* EXERCISE DATA
_ _ _

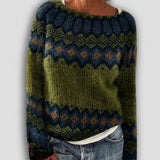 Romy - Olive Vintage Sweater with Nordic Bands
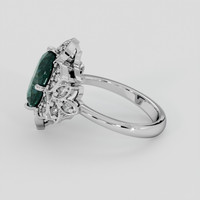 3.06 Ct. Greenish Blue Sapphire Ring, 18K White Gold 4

_ _ _

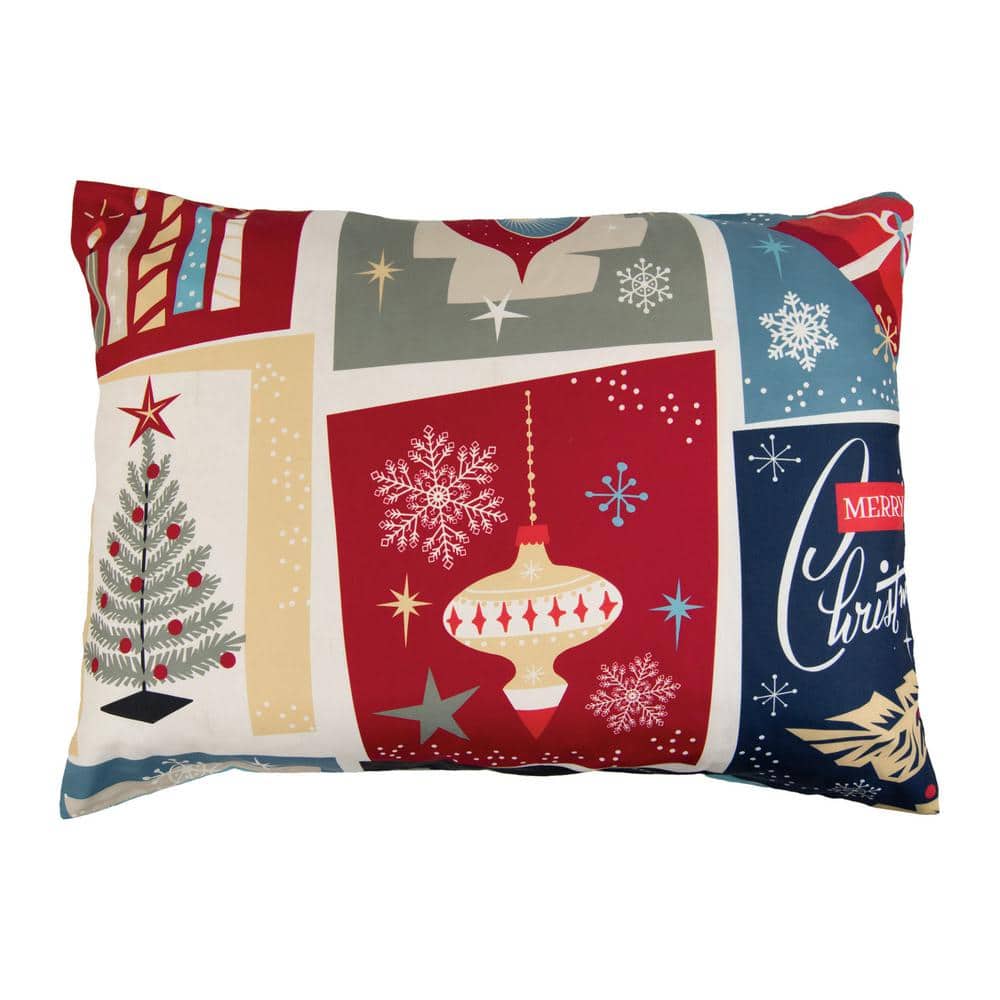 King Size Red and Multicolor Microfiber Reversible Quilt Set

_ _ _

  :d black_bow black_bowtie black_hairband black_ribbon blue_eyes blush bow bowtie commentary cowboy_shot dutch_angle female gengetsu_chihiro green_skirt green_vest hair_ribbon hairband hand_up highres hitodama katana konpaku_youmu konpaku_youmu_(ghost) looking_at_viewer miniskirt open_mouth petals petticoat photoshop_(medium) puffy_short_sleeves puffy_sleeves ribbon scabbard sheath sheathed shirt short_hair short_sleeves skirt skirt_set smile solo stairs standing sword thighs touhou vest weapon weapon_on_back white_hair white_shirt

_ _ _

* WORK TO BE COMPLETED
Keep to the lines above from the line with "Romy - Olive" to the line with "3.06 Ct. Greenish", and set down exactly those, inclusive, with nothing else and every picture left out.

* EXERCISE ANSWER
 Romy - Olive Vintage Sweater with Nordic Bands
 3.06 Ct. Greenish Blue Sapphire Ring, 18K White Gold 4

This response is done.